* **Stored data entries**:
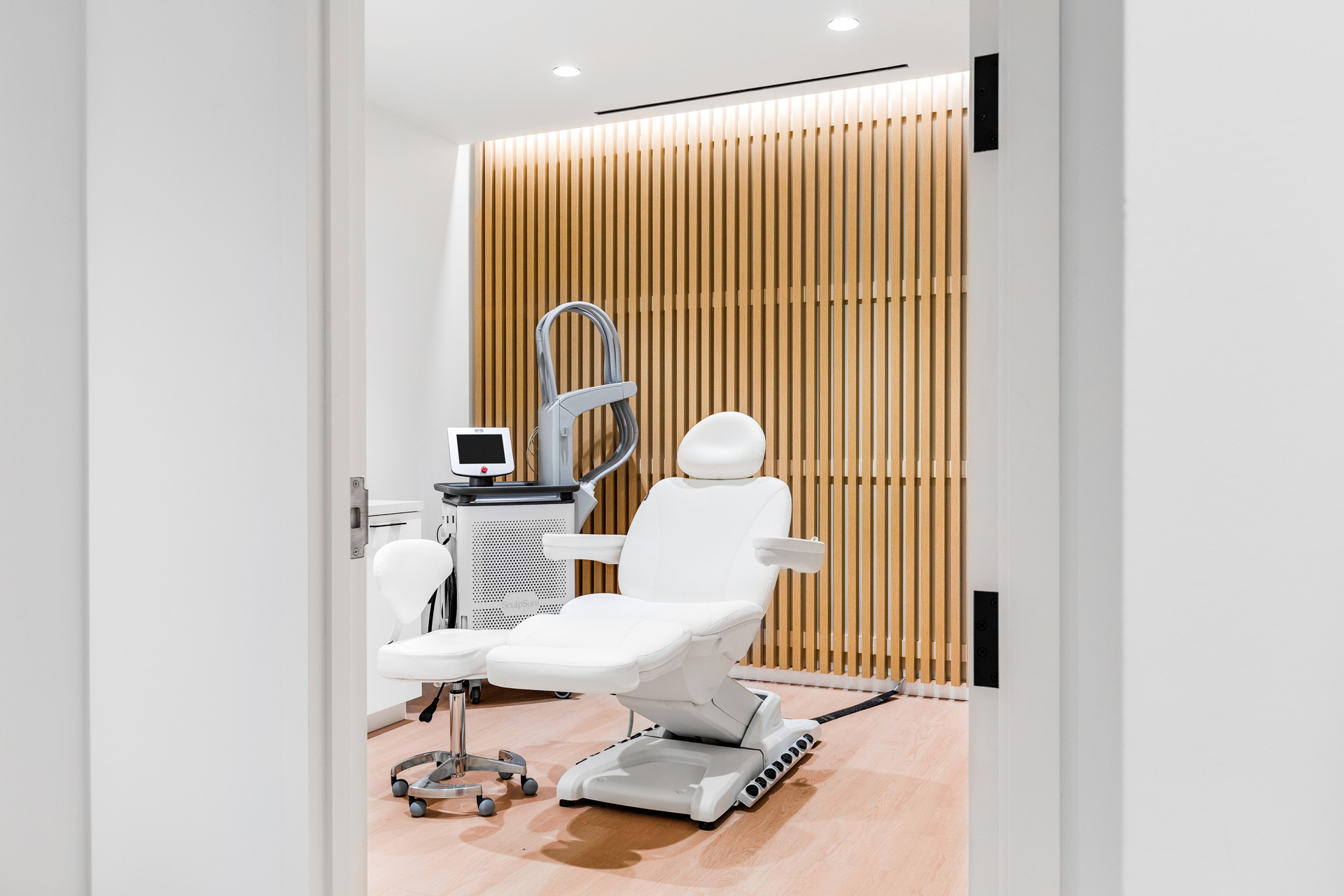 3G-DOWNLIGHTS-The-LookLab-05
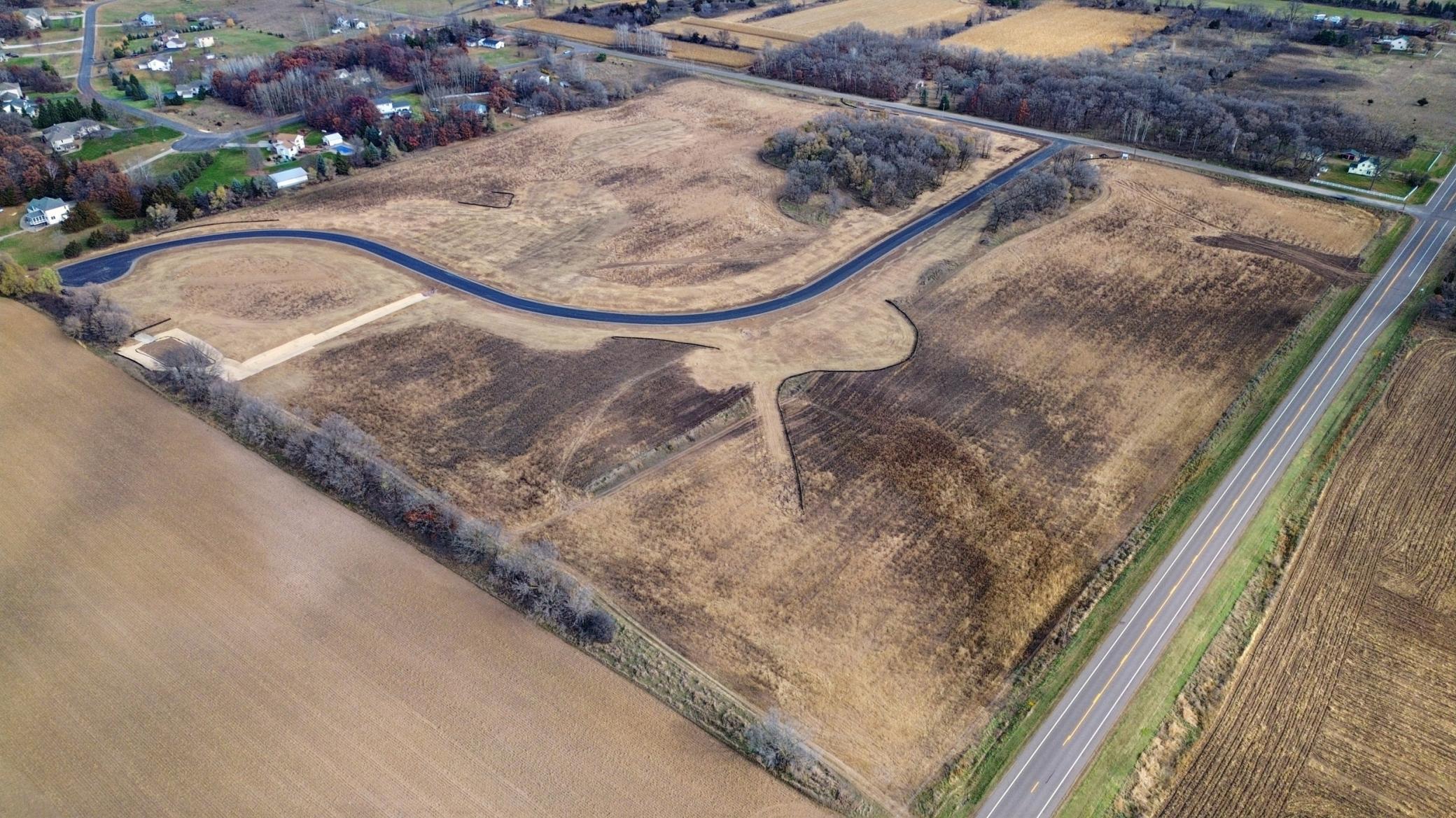 dji_0471.jpg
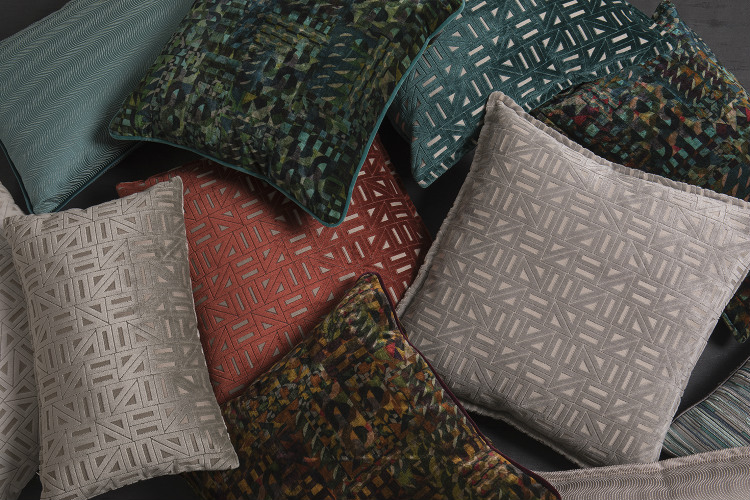 Upholstery fabrics home inspiration ideas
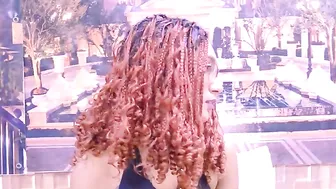 indianrebel4u2luv indian video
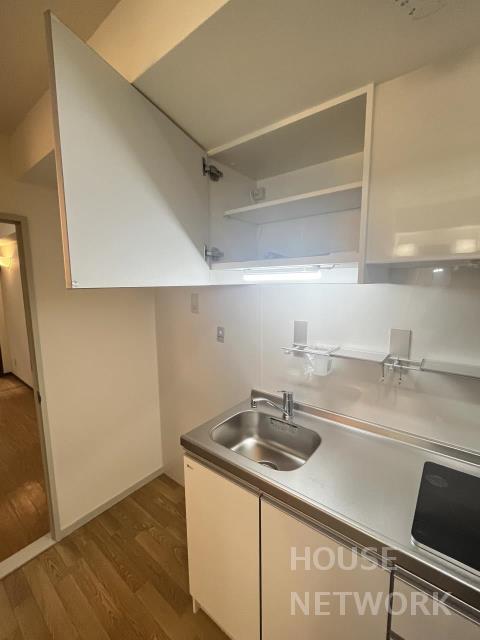 部屋画像12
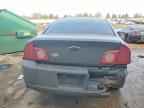 2012 CHEVROLET MALIBU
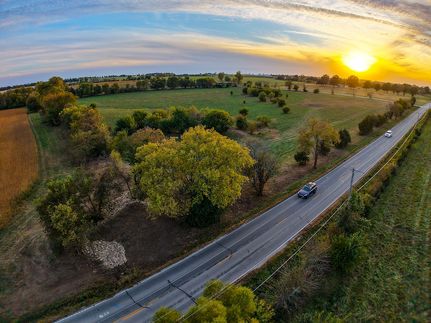 Recreational Property for sale in Johnson County, Kansas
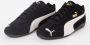 Puma Speedcat Schoenen Zwart Maat: 37.5 Suède Foot Locker - Thumbnail 35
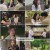 오래된 만남 추구.E02.250623.720p-NEXT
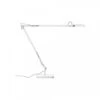 Flos Lampe à Poser Kelvin Led -Flos Shop lampe a poser kelvin led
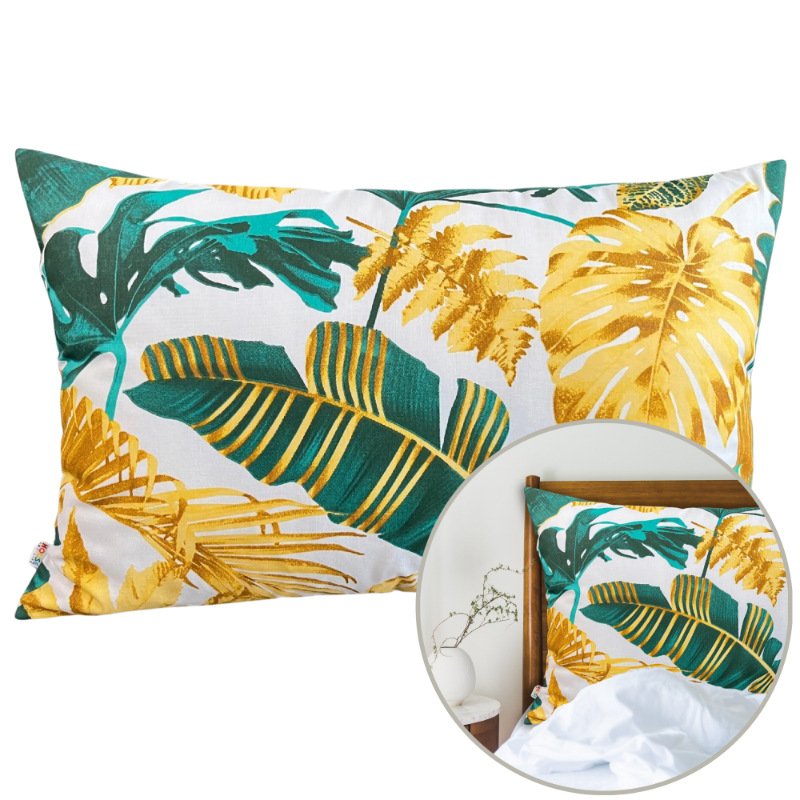 217bd19f551e094bb774598eed6699fc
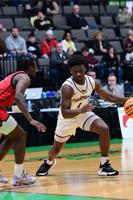 West Liberty men, West Virginia State women voted MEC basketball favorites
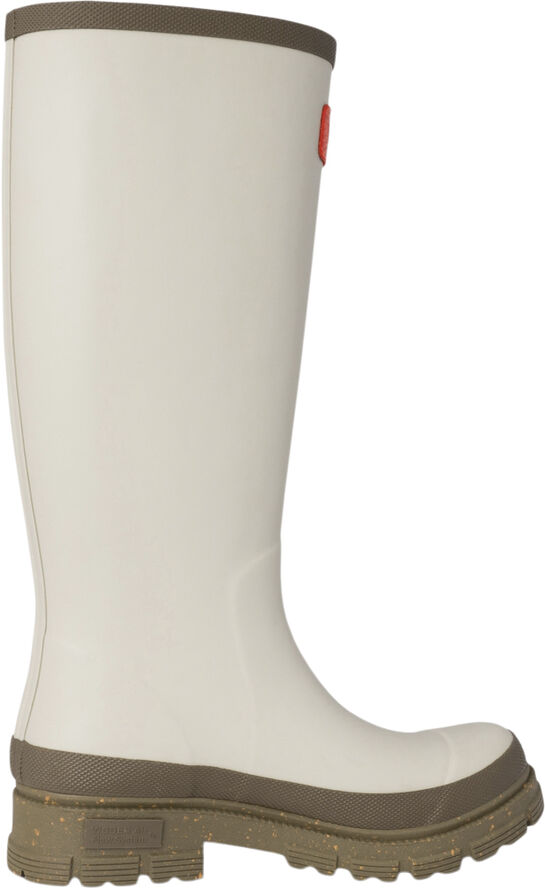 Woden Le Waterproof Stone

* **EXERCISE BRIEF**: Up to and including the line with "Puma Speedcat Schoenen", copy the data above from its first line. Skip pictures.

* **EXERCISE ANSWER**:
 3G-DOWNLIGHTS-The-LookLab-05
 dji_0471.jpg
 Upholstery fabrics home inspiration ideas
 indianrebel4u2luv indian video
 部屋画像12
 2012 CHEVROLET MALIBU
 Recreational Property for sale in Johnson County, Kansas
 Puma Speedcat Schoenen Zwart Maat: 37.5 Suède Foot Locker - Thumbnail 35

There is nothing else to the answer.